Великан поднял руки и трясет ими в воздухе. Они извиваются, точно змеи, и, кажется, вот-вот оторвутся от тела и улетят прочь, словно он сам разрывает себя на части, чтобы отдать свои руки морю бушующей белизны, как уже отдал дыхание и слюну.

Земля дрожит, потому что дрожат их тела — тела всех пирамид, снова принявших человеческие очертания. Они скачут на месте, топают ногами, пляшут и обнимают друг друга. Кто-то легонько стучит меня пальцем по лбу, кто-то сжимает меня в объятиях. Я кричу, зову маму, но ее нигде нет. В панике обернувшись, я вижу ее у себя за спиной. Ее грудь колышется под белой куртой, а потом ее как бы захлестывает волной. Она теряется в море людей и почти исчезает из виду, чьи-то руки тянутся к ней и ласкают, затем отпускают и убираются прочь.

Великан квакает по-лягушачьи, выпучив глаза. Он и вправду похож на огромного белого лягушонка. Кто-то вторит ему, вступая в лягушачий хор, но многие изображают других животных, ползают на четвереньках, блеют, мычат, издают странные звуки, для которых я даже не знаю названий. Они повсюду вокруг, эти громкие люди-звери: то смыкаются плотным кольцом, то расходятся в стороны. Я сижу на полу. Кажется, обо мне все забыли, но мне в ноздри бьет запах их ног, трущихся о шершавую напольную плитку.
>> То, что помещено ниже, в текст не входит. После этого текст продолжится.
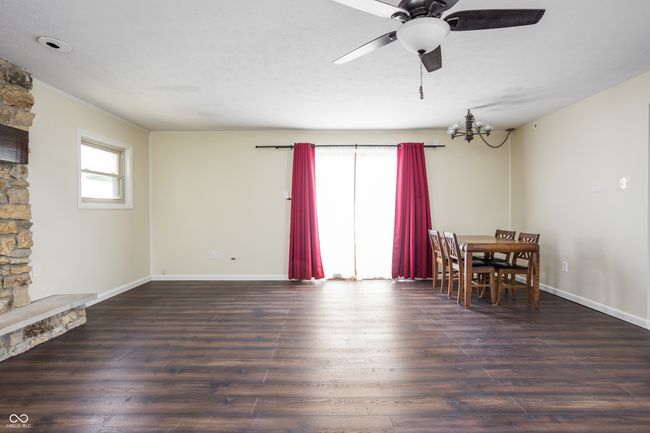 dining room featuring wood finished floors, plenty of natural light, a chandelier, and ceiling fan | Image 11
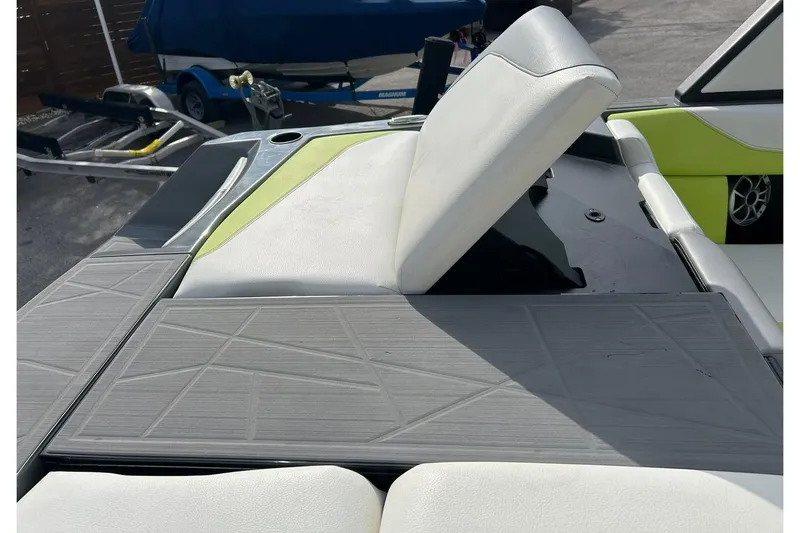 Slide: The Image of 2021 ATX 22 Type-S boat interior with adjustable seating and modern design. - 22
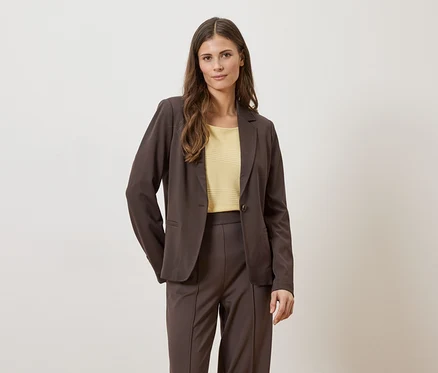 Frau in braunem Blazer und Hose mit gelbem Oberteil vor hellem Hintergrund.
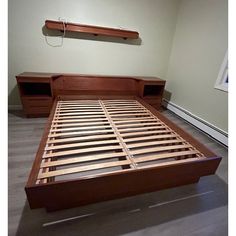 a bed with wooden slats and drawers in a room that has no carpet on the floor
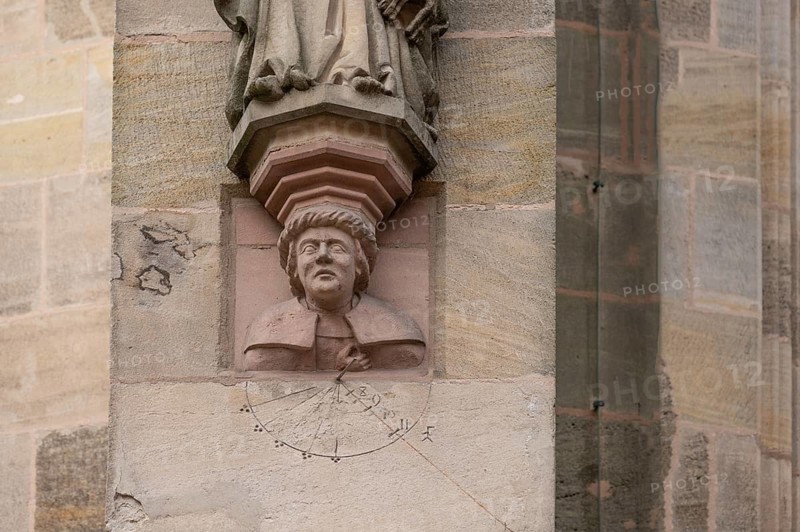 Portrait of the master builder Nikolaus Eseler under the statue of St George, 17th century, on the outer choir of St George's Church, Dinkelsbühl, Bavaria, Germany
— Мама! — мысленно зову я, наблюдая за ней. Я хочу, чтобы она на меня посмотрела, но она уже где-то не здесь. Это видно по ее лицу. Она всегда надевает такое лицо, когда не видит меня в упор. Я не знаю, когда и где видела его раньше, это пустое лицо, потому что не помню, что было раньше, но оно мне знакомо, и я точно знаю, что его надо бояться.
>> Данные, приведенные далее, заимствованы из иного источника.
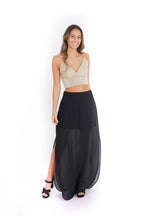 Arriendo de Conjunto top dorado con pollera negra con tranparencia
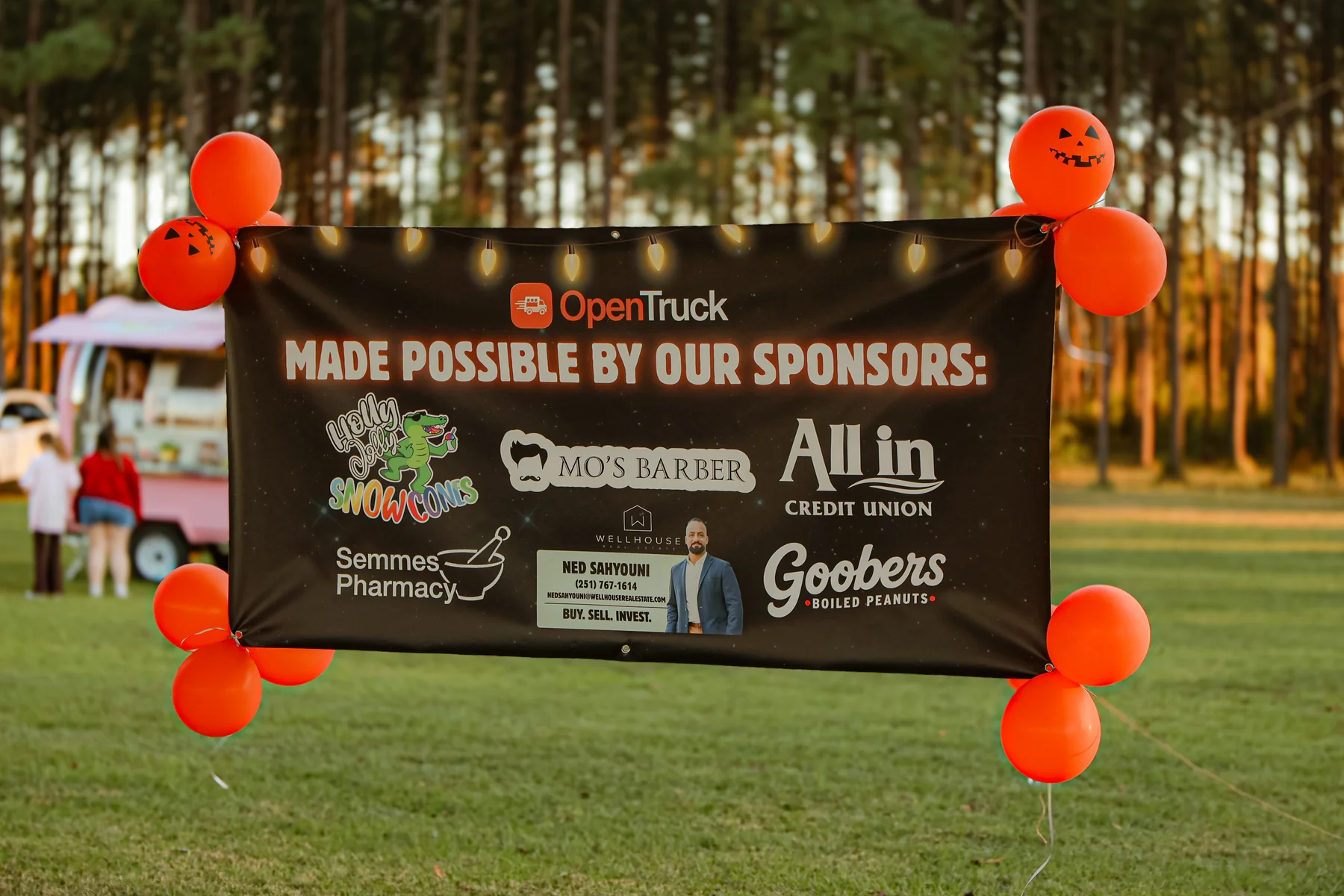 Movie night sponsor banner recognizing Holly Jolly Snowcones, Mo’s Barber, All In Credit Union, Semmes Pharmacy, Ned Sahyouni of Wellhouse Real Estate, and Goobers Boiled Peanuts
Мама кружится на месте, вскинув руки над головой. Вокруг нее вьются двое мужчин, загораживают маму от меня, мешают мне наблюдать. Она прекращает кружиться и замирает, легонько покачиваясь. Один из мужчин со смехом сжимает ее в объятиях, не давая упасть, но ее волосы липнут к вспотевшему лбу, а губы подрагивают и кривятся, словно никак не могут поймать пошатнувшееся равновесие. Вокруг пляшут люди, визжат, рыгают, кричат во всю силу легких, срывая голос, заряжают сгустившийся воздух бессмысленным шумом.

Я говорю:

— Мама.

Ее губы уже не дрожат, уголки рта поднимаются вверх, и она улыбается. Только не мне, а кому-то другому. Я смотрю в ту же сторону, куда смотрит она, и мой взгляд натыкается на великана.

Он улыбается маме в ответ, или, может быть, это она отвечает на его улыбку. Этого я уже никогда не узнаю, потому что не видела, кто из них улыбнулся первым. Он стоял на четвереньках, но теперь поднимается на ноги. Длинные волосы падают ему на лицо. У него на губах пузырится слюна и стекает по спутанной бороде.

Я подхожу к маме и шлепаю ее по ноге. Она хмурится и отталкивает меня прочь.

— Не надо так делать, — говорит она.

Я тянусь к ней, но она снова отталкивает меня. Я отступаю и падаю, не устояв на ногах. Ее грудь некрасиво трясется. Я смотрю в пол, не хочу видеть маму такой некрасивой.

— Что ты такая унылая? — кричит она. — Танцуй! Что ты такая унылая?

Между мною и мамой вклиниваются какие-то люди — просто люди в белых одеждах, — норовящие придвинуться ближе к великану на возвышении. Их лица напряжены, челюсти сжаты, на висках бьются жилки. Они опасаются подходить слишком близко.